Articles that performed mental health prediction on a targeted population collected data from either surveys or different agencies. Tate et al. [35] collected data from 7,638 twins in Sweden through a telephone interview [35]. 7 articles [13, 15, 24, 34, 36, 37, 42] used questionnaires to collect data from their targeted people in surveys. Two researchers [16, 39] extracted data from EEG data. Sarkar et al. [16] collected data directly from Kaggle; Perez-Valero et al. [39] conducted offline EEG processing on 20 people to collect the data. Sau et al. [38] conducted an interview on 470 seafarers between January to August on 2016 in India [38]. the remaining researchers [14, 17–23, 25] gathered data from various medical centers, which contained patient records.
Machine learning techniques
3.3
In today’s prediction-based research, machine learning algorithms play an important role. Researchers are using different classification-based ML algorithms to predict different types of mental health conditions based on the users’ data. The majority of research studies employed different machine learning algorithms, including logistic regression (LR), SVM, random forest (RF), K-Nearest Neighbor,Decision tree (DT), Naïve Bayes (NB), etc. These algorithms are used to classify different mental health states that include depression, bipolar disorder, suicidal tendencies, PTSD, etc. Algorithms performance varies based on datasets. Classical models like SVM or logistic regression do well on small, tabular surveys and provide simple, stable baselines. Whereas, CNN-LSTM fits sequences like EEG or time-ordered posts by learning patterns over time. BERT is strong for text since it understands context and long-range words. Deep learning algorithms such as CNN, RNN, LSTM, and DNN were used in 15 studies [14–19, 21, 22, 25, 28, 30, 33, 41, 42, 44, 45]. Three researchers [19, 21, 43] classified text-based data using a pre-trained BERT model. 7 researchers [12, 22, 27, 29–31, 35] used Boost (extreme Gradient Boosting), which is a free software library that implements the gradient boosting algorithm in a way that works well and quickly. It is a tree-based ensemble method. Table 4 shows the top 5 most used algorithms in our studied articles.
Discussion
4
The goal of this literature review is to summarize studies that have detected mental health states using data collected from social media and other sources such as agencies or surveys. Except for one [41], all of the articles used text-based data. First, the researchers took the features from the data they had collected and fed them into various machine learning and deep learning algorithms to make predictions. The data that is collected online produces features based on their posts, which contain their emotional feelings. The survey data is extracted based on the score that the surveys have predetermined.

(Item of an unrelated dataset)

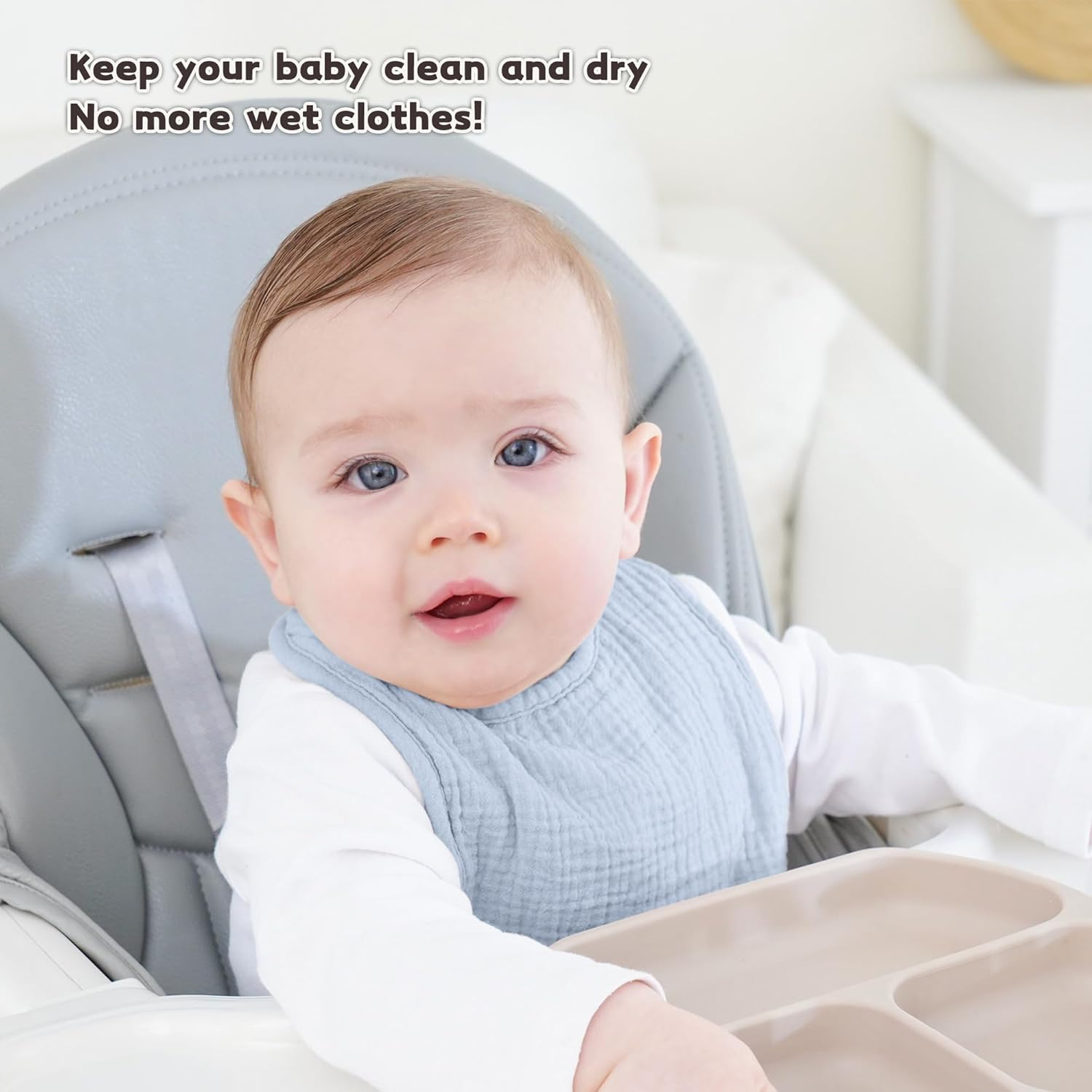 Susurration Muslin Baby Drool Bibs 10Pack Soft Square Adjustable Bandana Bibs for Unisex Baby Girls & Boys - Blue Print image number 5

Model interpretability—performance trade-off
4.1
Across the included studies, we also observe a consistent gap between the most commonly used algorithms and those that achieve the highest reported performance. Simpler and more interpretable models such as logistic regression, support vector machines, Naïve Bayes, and random forests are frequently adopted as baseline approaches, particularly when working with survey scores or hand-crafted features [12, 13, 32, 36, 37, 39]. In contrast, the best accuracies and F1-scores are usually obtained with deep learning architectures such as convolutional and recurrent neural networks or transformer models like BERT, especially on large text corpora and sequential data. This pattern reflects a fundamental trade-off in mental health informatics: classical models provide transparency that supports clinical interpretation and hypothesis generation, whereas deep models can exploit complex non-linear patterns in high dimensional data at the cost of being closer to a black box. Future work should therefore benchmark deep architectures against simple baselines and incorporate model explanation techniques so that gains in predictive performance do not come at the expense of interpretability and clinical trust.

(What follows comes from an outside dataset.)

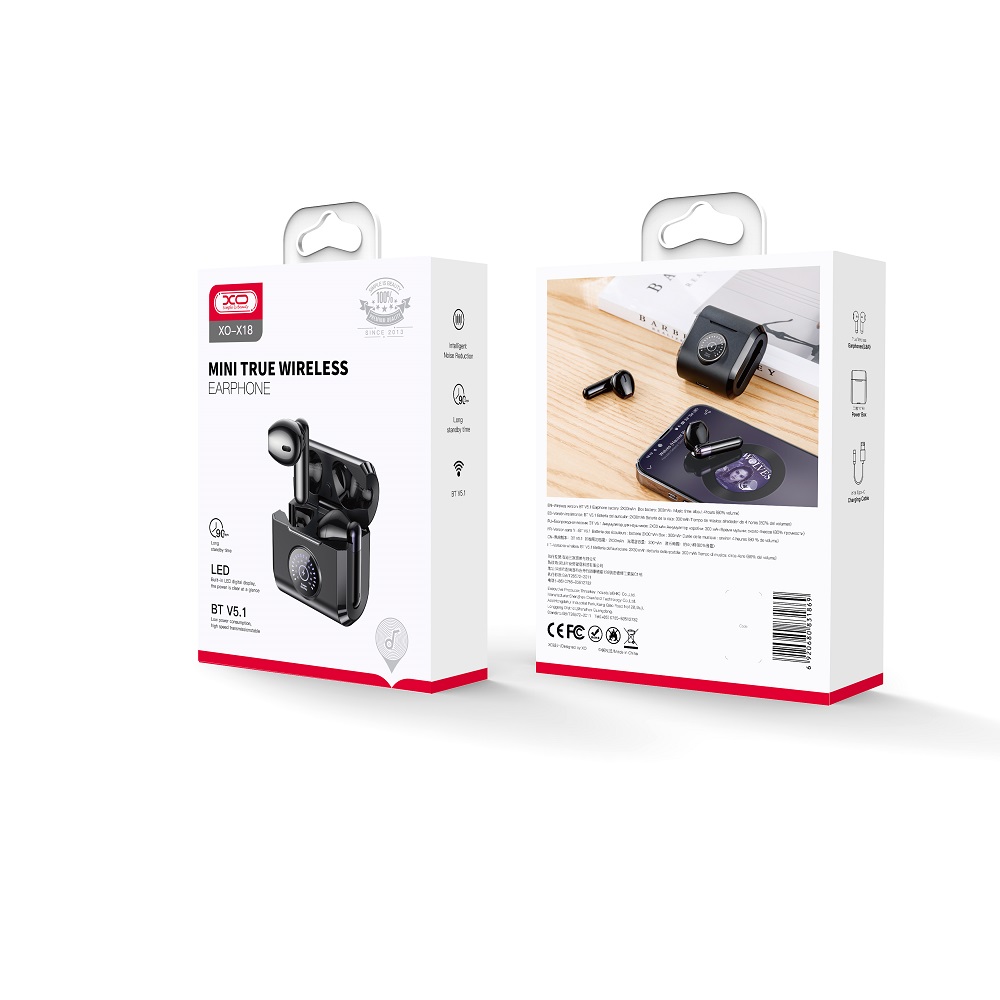 XO s�uchawki Bluetooth X18 TWS czarne / 5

Methodological limitations and common risk-of-bias patterns
4.2
A cross-study assessment of the included articles reveals several recurring methodological limitations and risk-of-bias patterns. Many social media—based studies rely on self-reported diagnoses, keyword heuristics, or other weak labeling strategies, which can introduce label noise and misclassification into the ground truth. Sample sizes are often modest and class distributions highly imbalanced, yet performance is frequently reported only in terms of overall accuracy or AUC, which may overestimate performance on the minority class [20, 29, 33, 34, 40]. In addition, very few studies conduct external or temporal validation on independent datasets or platforms, relying instead on internal cross-validation, so the generalizability of the reported models remains uncertain [16, 25, 36, 39]. Finally, many datasets are drawn from narrow or incomplete populations (for example, a single institution or student group), which limits representativeness and may hide performance disparities across demographic subgroups. These patterns indicate that reported results should be interpreted cautiously and that future work should prioritize stronger labeling procedures, class-sensitive metrics such as F1-score and recall for the positive class, and external validation across diverse populations and data sources.

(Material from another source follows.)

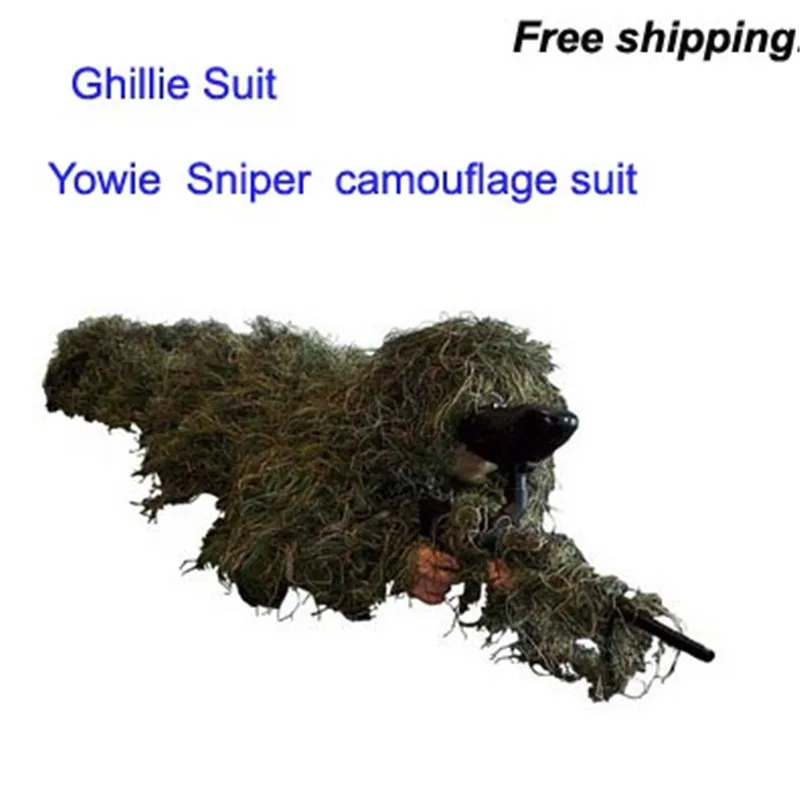 Костюм Лесной Камуфляж Ghillie охотничья одежда типа травы снайперская 3D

Several limitations and challenges in the prediction of mental health states reviewed here should be acknowledged. Researchers used online data to predict his suicidal tendency, but they did not measure any offline activities that might improve the prediction model and would have been more effective in achieving their objectives [26]. Using a huge quantity of data from social media can improve the prediction model’s accuracy. And the brief dataset that contains personal information like age and gender will help extract more features [12, 26, 31]. Furthermore, ensuring user authenticity is important because there are many fake accounts on Reddit, Twitter, and Facebook, which may lead to biased results [33]. It can be challenging to achieve a fruitful output with social media data because of the constraints of face-to-face interactive contact and the human-computer connection. It’s important to note that all of the studies presented here used only text data from social media for diagnosing depression. This may have limited their ability to predict accurately. But social media data also contains images, videos, and audio as well. Using this data may increase the performance of machine learning or deep learning models.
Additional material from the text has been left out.